Turning to the events occurring after September 20, 1995, on October 2, 1995, GOS falsely informed the process server that Alger had not been making the required payments to MHEAC and falsely stated that the outstanding debt was $1,500.65. GOS then instructed the process server to notify Alger about the outstanding debt. On October 8, 1995, Alger received another letter from the process server directing Alger to contact the process server’s office to arrange a court date. The letter advised Alger that if he did not respond, the court would set a date and, if Alger failed to appear, the process server would contact the police for assistance. The letter concluded with the entreaty not to “make an arrest necessary .”8

In November 1995 Alger contacted MHEAC. MHEAC informed him that his outstanding balance was only $899.25, less than the amount claimed by GOS. Alger then sent MHEAC a check in the amount of $899.25, writing on the face of the check, “Account Paid in Full: Final Payment to M.H.E.” MHEAC cashed the check in late November 1995.

Notwithstanding this payment, the process server sent Alger a notice to appear in Lowell District Court on November 28,1995, to avoid arrest. Alger contacted MHEAC which refused to provide him with a writing evidencing satisfaction of the debt.

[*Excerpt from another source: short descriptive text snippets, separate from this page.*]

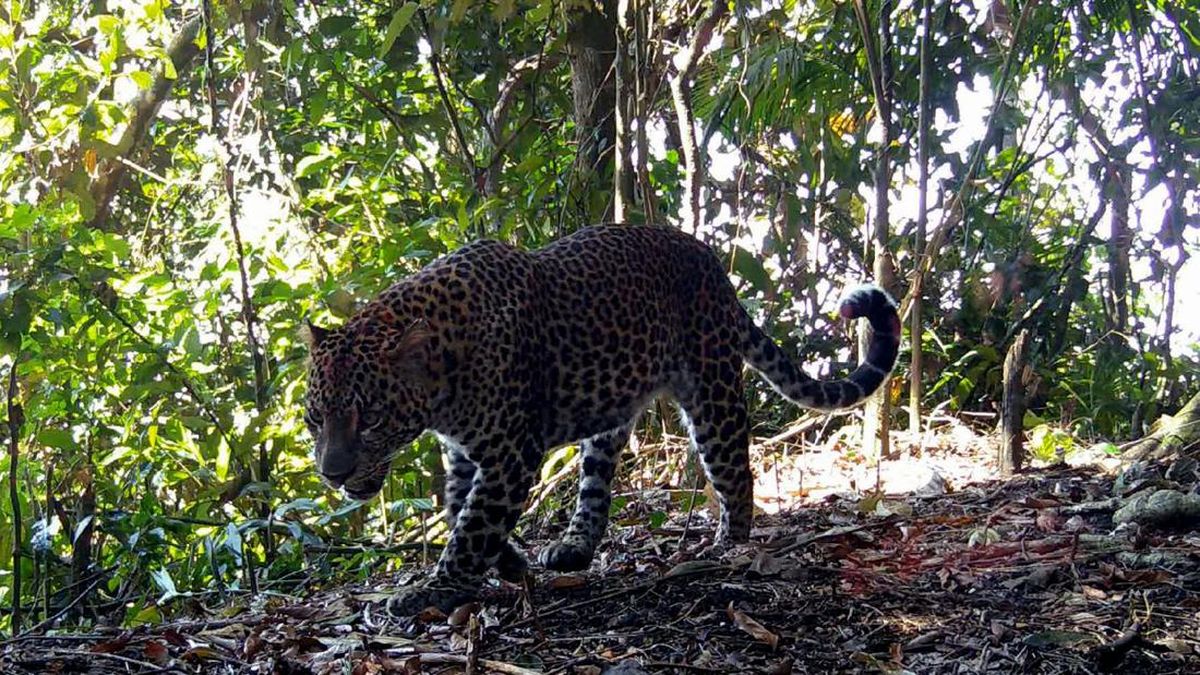 Video Penampakan Macan di Hutan Cangar Malang Jadi Viral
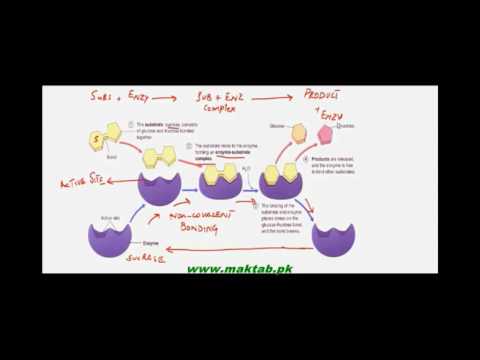 FSc Biology Book1, CH 3, LEC 1: Enzymes Introduction, Structure and Function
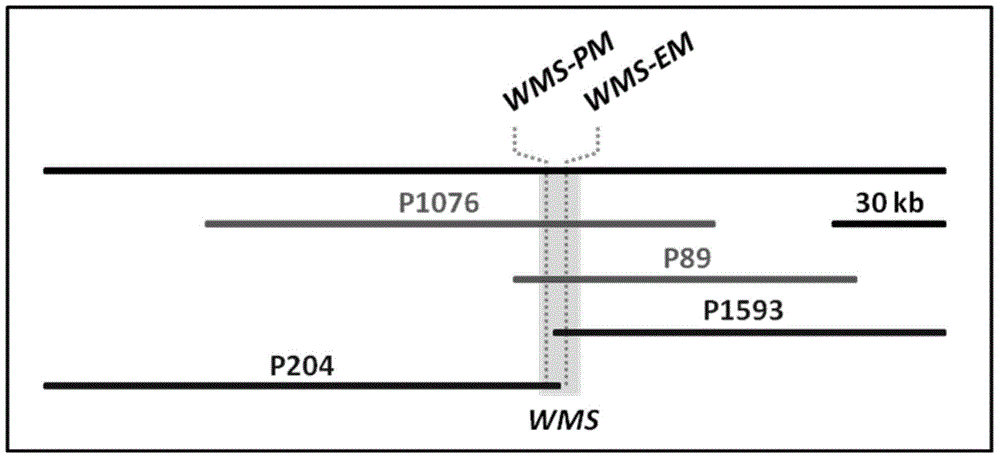 Wheat male sterility genes WMS and application of anther specific promoter thereof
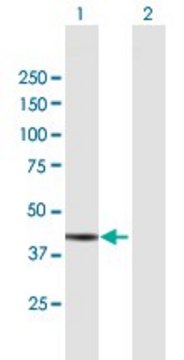 Anti-ADH7 antibody produced in mouse purified immunoglobulin, buffered aqueous solution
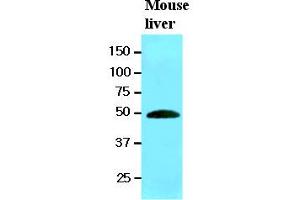 Western Blotting (WB) image for anti-Ribonuclease/angiogenin Inhibitor 1 (RNH1) (AA 7-461) antibody (ABIN400853) (RNH1 antibody  (AA 7-461))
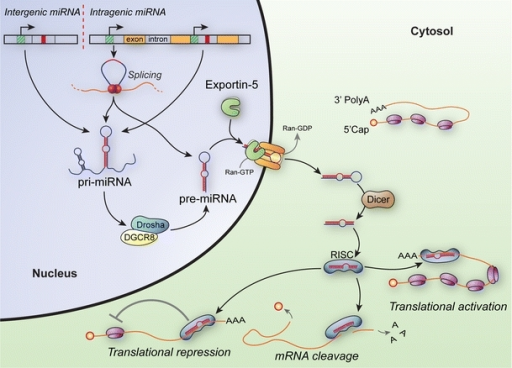 The Biogenesis Of Mirnas. Pri-mirnas Are Transcribed Fr 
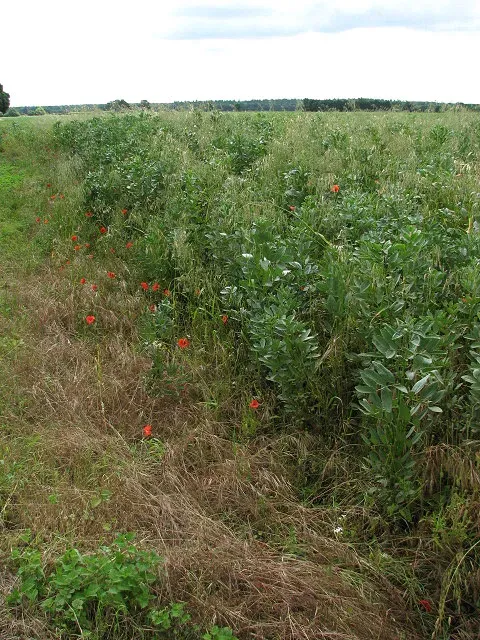 Lentils: Soil-Fixing Protein Boost (From geograph.org.uk, CC BY-SA 2.0)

On November 28, 1995, Alger appeared in Lowell District Court and was arrested pursuant to the capias obtained by GOS.9 Before attending the hearing, Alger told GOS Attorney Ronald Shufrin (“Attorney Shufrin”) that he had paid the debt in full. He also provided Attorney Shufrin with documentation evidencing the payment of the debt in full.

The Lowell District Court continued the hearing until December 19, 1995. Prior to the December 1995 hearing, Alger again met with Attorney Shufrin and showed him documentation of Alger’s payments.10 At the hearing, Attorney Shufrin falsely stated to the court that Alger had not “made a payment in three years.” Attorney Shufrin repeated this conduct at an April 8, 1996 hearing in Lowell District Court.11 The court dismissed the supplementary process action because MHEAC and GOS had not given Alger an accounting of the debt.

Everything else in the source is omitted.